Mudanza

Hoy no tengo ganas de insultar a nadie, que diría el lúcido Pérez Reverte,  de modo que me saldrá un artículo un poco soso y, según lo estoy viendo venir, un punto aburrido, un pelín prosaico y un mucho pasado de narcisismo y egolatría.

Ya verán. Dejé dicho aquí en alguna ocasión (bueno, aquí no, en El Ciudad, en esa parcela acotada que eran mis “Paraules sense lletra” que tanto añoro) que uno es de un sitio cuando empieza a acumular melancolías y mis melancolías en Alcoy, después de trece años, créanme, pueden pesarse en arrobas. Lo juro.

Trece años al socaire del centro, entre el mercado San Mateo, las musas despiezadas de Manolo Arjona, la soledad callada de los diseñadores  Rosana y Quique, la educación, el saber moverse, la maestría que se cuenta por décadas del fotógrafo Crespo Colomer, los simpáticos cambalaches de José, el anticuario que ha nutrido mi biblioteca por cuatro duros durante todos estos años, el violonchelista de enfrente, el pianista de al lado, el gurú del Gurugú, Domingo Millán y su coleguita  F. Jorge Sellés, Marcos/Marquitos, el sancta sanctorum de la golosina y el periódico recién amanecido. La calle San José. O sea. Uno de los muchos “Montmartres” que alberga Alcoy.

Trece años subiendo la escalera al cielo de un cuarto piso, trece años de razonable felicidad, trece años de asombro y dulce monotonía, pero trece años cargando como una acémila o como el Sísifo de Mercadona en el que me había convertido.
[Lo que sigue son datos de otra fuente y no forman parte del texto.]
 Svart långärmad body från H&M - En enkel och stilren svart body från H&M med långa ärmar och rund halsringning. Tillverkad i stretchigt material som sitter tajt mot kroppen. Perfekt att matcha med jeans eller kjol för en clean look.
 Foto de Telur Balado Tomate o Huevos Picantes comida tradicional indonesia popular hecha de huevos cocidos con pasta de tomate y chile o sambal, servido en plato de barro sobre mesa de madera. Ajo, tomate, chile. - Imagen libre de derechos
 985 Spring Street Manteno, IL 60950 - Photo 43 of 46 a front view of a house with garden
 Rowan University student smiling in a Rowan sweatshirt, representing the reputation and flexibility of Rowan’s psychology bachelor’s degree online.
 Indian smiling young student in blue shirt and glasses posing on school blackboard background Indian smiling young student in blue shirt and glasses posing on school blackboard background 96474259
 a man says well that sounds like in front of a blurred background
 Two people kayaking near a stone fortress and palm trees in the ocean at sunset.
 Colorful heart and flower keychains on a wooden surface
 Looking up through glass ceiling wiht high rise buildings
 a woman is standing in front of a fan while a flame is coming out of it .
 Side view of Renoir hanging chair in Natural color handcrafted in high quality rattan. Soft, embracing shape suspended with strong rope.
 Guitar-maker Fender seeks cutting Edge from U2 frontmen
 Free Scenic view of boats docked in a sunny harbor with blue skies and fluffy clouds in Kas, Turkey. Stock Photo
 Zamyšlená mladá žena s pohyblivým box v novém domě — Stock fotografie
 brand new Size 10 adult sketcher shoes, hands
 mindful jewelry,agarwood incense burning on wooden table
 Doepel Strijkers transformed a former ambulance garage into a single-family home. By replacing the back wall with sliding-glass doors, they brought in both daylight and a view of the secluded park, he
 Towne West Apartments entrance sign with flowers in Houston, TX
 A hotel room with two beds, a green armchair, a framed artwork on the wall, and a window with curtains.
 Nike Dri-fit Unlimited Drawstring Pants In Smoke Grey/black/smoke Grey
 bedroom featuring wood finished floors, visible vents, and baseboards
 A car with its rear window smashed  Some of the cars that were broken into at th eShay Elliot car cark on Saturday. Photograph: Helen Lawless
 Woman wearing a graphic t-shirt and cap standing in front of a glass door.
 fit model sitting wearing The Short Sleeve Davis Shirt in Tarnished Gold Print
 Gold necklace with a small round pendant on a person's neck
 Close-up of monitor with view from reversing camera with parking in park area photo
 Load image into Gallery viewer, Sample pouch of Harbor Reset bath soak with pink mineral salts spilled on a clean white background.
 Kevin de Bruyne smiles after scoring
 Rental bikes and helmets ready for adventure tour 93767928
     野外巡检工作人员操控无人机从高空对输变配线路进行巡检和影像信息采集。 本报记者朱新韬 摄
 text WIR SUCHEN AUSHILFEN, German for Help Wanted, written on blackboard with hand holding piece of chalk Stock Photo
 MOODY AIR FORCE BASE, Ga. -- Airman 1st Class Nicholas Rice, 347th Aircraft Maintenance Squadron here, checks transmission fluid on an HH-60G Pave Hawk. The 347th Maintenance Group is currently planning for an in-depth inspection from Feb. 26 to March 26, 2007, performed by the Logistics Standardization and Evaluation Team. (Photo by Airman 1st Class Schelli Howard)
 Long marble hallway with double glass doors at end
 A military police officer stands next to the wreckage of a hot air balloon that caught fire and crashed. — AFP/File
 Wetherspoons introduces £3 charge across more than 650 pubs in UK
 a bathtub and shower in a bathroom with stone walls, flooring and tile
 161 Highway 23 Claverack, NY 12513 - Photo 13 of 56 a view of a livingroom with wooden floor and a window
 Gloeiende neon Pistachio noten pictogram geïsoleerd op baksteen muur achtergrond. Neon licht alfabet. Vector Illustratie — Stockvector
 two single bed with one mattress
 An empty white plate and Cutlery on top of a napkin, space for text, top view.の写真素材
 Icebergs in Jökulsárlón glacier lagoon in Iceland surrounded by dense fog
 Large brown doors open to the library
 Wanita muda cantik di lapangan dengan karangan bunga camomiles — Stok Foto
   Pues se acabó. Pues que me voy, que me las piro, que cambio, sintiéndolo en el alma, el romanticismo de este siglo XIX que es mi calle (y que conste que me dejo el alma como un jirón en cada una de sus piedras y de sus gentes) por un ascensor, por una calefacción como toca, por una cocina amplia, por una ducha potente en la que poder erguirme (hasta ahora, la falta de presión del agua me tenía convertido en un  homínido), por esa felicidad al ralentí que es la comodidad doméstica. Que ya no tiene uno las piernas para la escalada libre, ni las enjutas carnes para los rigores del invierno así que me dejaré abrazar por las mieles de un bendito elevador y por los cantos de sirena de ocho beneméritos radiadores.

   Razón, en la Zona Alta, a donde llevo conmigo el Centro entero. Au.